The EAT also referred to the principles established in Turner v. Vestric Ltd [1980] (Turner), and reiterated that where a working relationship has broken down, an employer is not required to take “all reasonable steps” prior to dismissal. It did indicate however that where the employer is to blame for the breakdown, that employer should bear a heightened responsibility to attempt to repair the relationship. Coupled with the Polkey principle, Turner underscores the significance of procedural fairness and the imperative for employers to really try to explore avenues for reconciliation. In this instance, the only blame the EAT could attribute to CGI was in relation to the redundancy process where it did not consider the Claimant’s high level of experience and skills. Otherwise, CGI was considered to have been genuine in its efforts to keep the Claimant employed. For example, the EAT noted that the seniority of Ms. McGeehan, who made the final decision to terminate the Claimant’s employment, underscored the gravity and deliberateness of CGI’s decision-making process.
Comment
Rulings in cases like Matthews v. CGI IT UK Ltd are rare but serve as a useful reminder that in exceptional circumstances it is possible for an employer to fairly dismiss an employee without following the standard procedure. The key takeaway is that the fairness of a dismissal in which recognised procedures have not been followed must be assessed from the employer’s perspective at the time of the decision. The employer’s genuine belief in the futility of the procedure, supported by the claimant’s conduct, can justify a direct dismissal.
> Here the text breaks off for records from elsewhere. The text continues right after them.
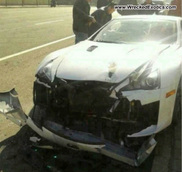 Welch eine Schande – Lexus LF-A in China verunfallt!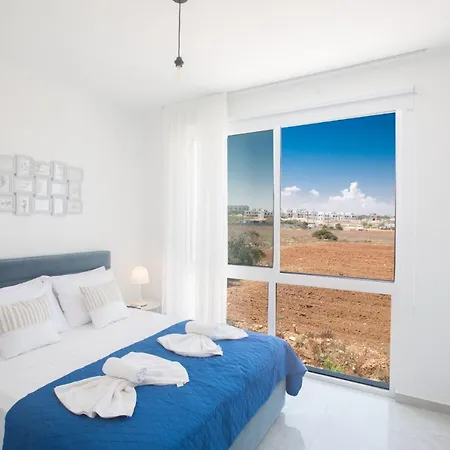 Rent Your Dream Holiday And Look Forward To Relaxing Beside Your Private Pool 1547 Willa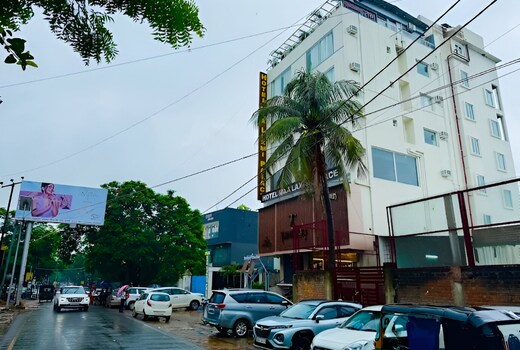 HOTEL MAA LAXMI PALACE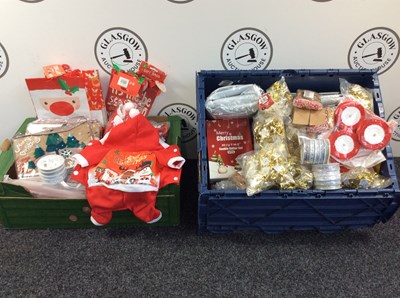 Lot 44 - Qty of Christmas Decoration & Wrapping Materials Including 8 Tree Skirts, 10 Foil Curtains, - New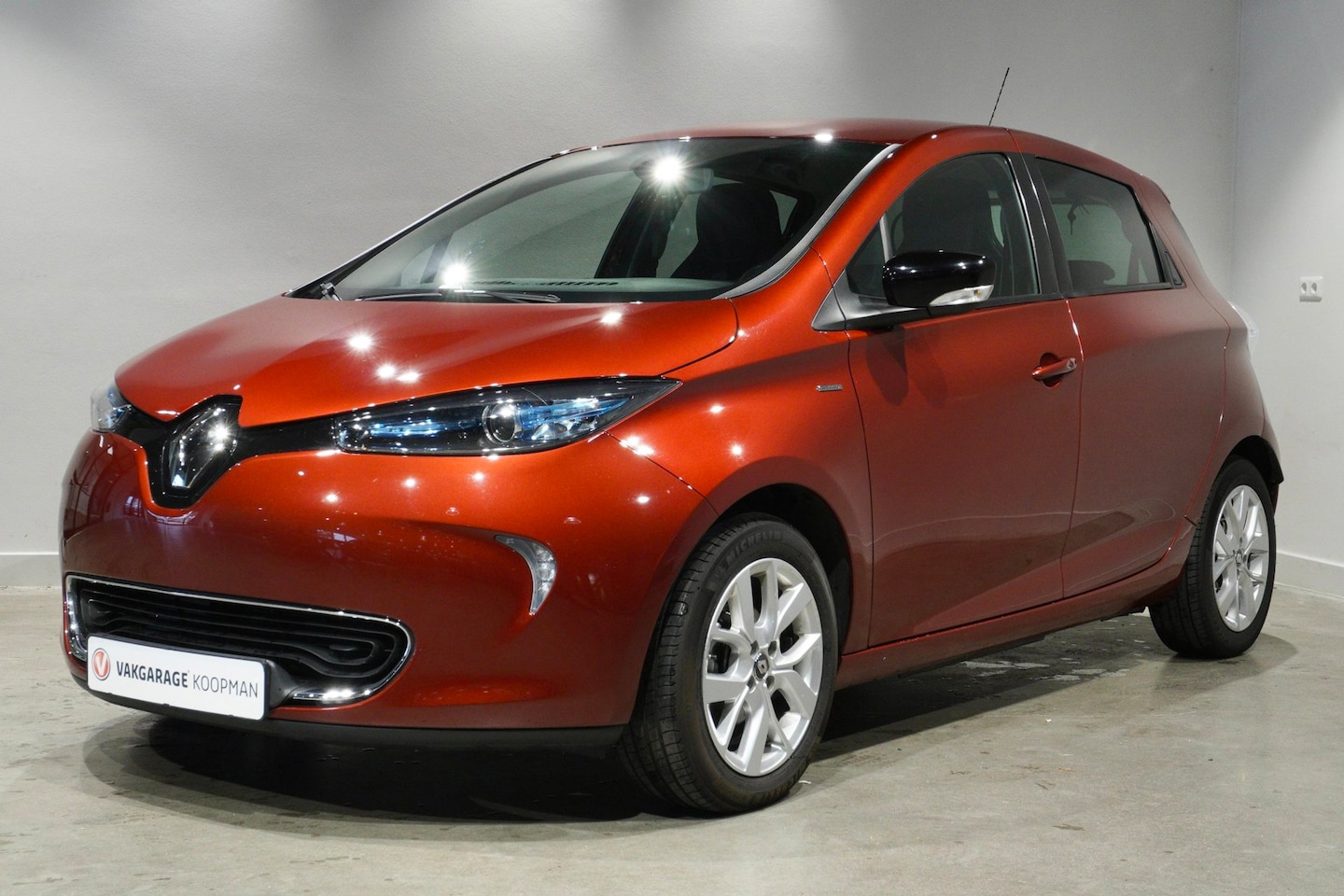 Renault Zoe - R110 Life Carshare 52 kWh Garantie/Huuraccu|Cruise|Keyless - AutoWereld.nl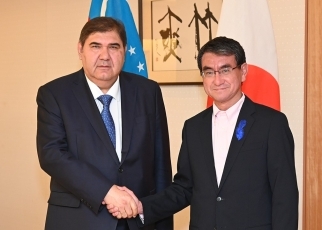 河野外務大臣とガニーエフ・ウズベキスタン副首相の会談2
The case also reaffirms the principle that an employer’s contribution to the breakdown of the relationship may require them to take additional steps to repair it before a dismissal is considered fair. However, if the employer has made reasonable efforts to mend the relationship and the employee remains uncooperative, dismissal may be justified.
The EAT emphasised the exceptional nature of this case, highlighting the particularly extreme facts at hand. Employers should be mindful that the likelihood of a similar outcome is highly dependent on the specific details of each individual case. Employers must approach such situations with caution and be aware that the burden of proof to justify any departure from usual procedure is substantial and not easily met.